Fond of figs? You’re in luck because this recipe is based on fond and figs. Fond is culinary snob speak for the brown bits left over after you roast meat and vegetables. When scraped from the bottom of the pan, the fond (which in French literally means “bottom”) can be incorporated into a sauce, adding a ton of rich depth and caramelized goodness. To achieve the sublimity of this sauce, there is a prerequisite: it’s based on your having already roasted some meat and/or vegetables in a skillet. This could be beef, chicken, and/or root vegetables—anything that can get nice and browned in the oven or on the stovetop.
Drizzle the Fig and Balsamic Agrodolce over Pan-Roasted Pork Tenderloin with Rosemary, or use the sauce in one of these “Extra Credit” recipe ideas:
• Serve fig and balsamic agrodolce with pan-seared chicken or lamb chops instead of pork.
• Use as part of a cheese plate: my go-to cheeses to pair with this sauce are Parmesan, Gorgonzola dolce, Robiola, and pecorino. Don’t forget to serve nuts as well.
• Top a roasted sweet potato with some leftover sauce and a dollop of mascarpone.
• Cook some sliced sausage, reserving the fond in the skillet to make the sauce. Spread the sauce on pizza dough, sprinkle with the sausage, and bake. Scatter with fresh arugula.
— Vanessa Seder
• ON-DEMAND: Listen to our conversation with Vanessa Seder, and get her tips for making modern sauces for everyday cooking on The Faith Middleton Food Schmooze®. •
Recipe excerpted from Secret Sauces by Vanessa Seder, published by Kyle Books. Photography by Stacey Cramp.
- 1 large heavy-bottomed skillet with fond (see headnote above)
- 2 tablespoons unsalted butter (plus 2 tablespoons cold unsalted butter) cut into small pieces
- 1/4 cup thinly sliced shallots
- 1 cup coarsely chopped dried figs such as Mission or Turkish
- 1 tablespoon chopped fresh rosemary
- 1/2 cup balsamic vinegar
- 1 cup reduced-sodium chicken or beef broth
- Drain any excess fat from the skillet. Melt 2 tablespoons of the butter in the skillet over medium heat.
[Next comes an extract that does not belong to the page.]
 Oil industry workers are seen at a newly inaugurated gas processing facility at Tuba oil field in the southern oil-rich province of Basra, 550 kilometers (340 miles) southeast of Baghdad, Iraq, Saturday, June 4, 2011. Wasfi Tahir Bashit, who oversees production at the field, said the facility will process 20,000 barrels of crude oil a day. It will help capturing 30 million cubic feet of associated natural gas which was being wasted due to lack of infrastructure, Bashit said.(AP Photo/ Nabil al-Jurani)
Add the shallots, and cook, stirring occasionally and scraping up any brown bits from the pan.
- Continue to cook until the shallots begin to soften, about 3 minutes. Add the figs and rosemary and stir to combine. Add the balsamic, bring to a simmer, and cook until the vinegar starts to thicken slightly, about 4 minutes. Add the broth and simmer until reduced slightly, about 10 minutes.
- Turn off the heat and slowly whisk in the 2 tablespoons cold butter. Serve immediately.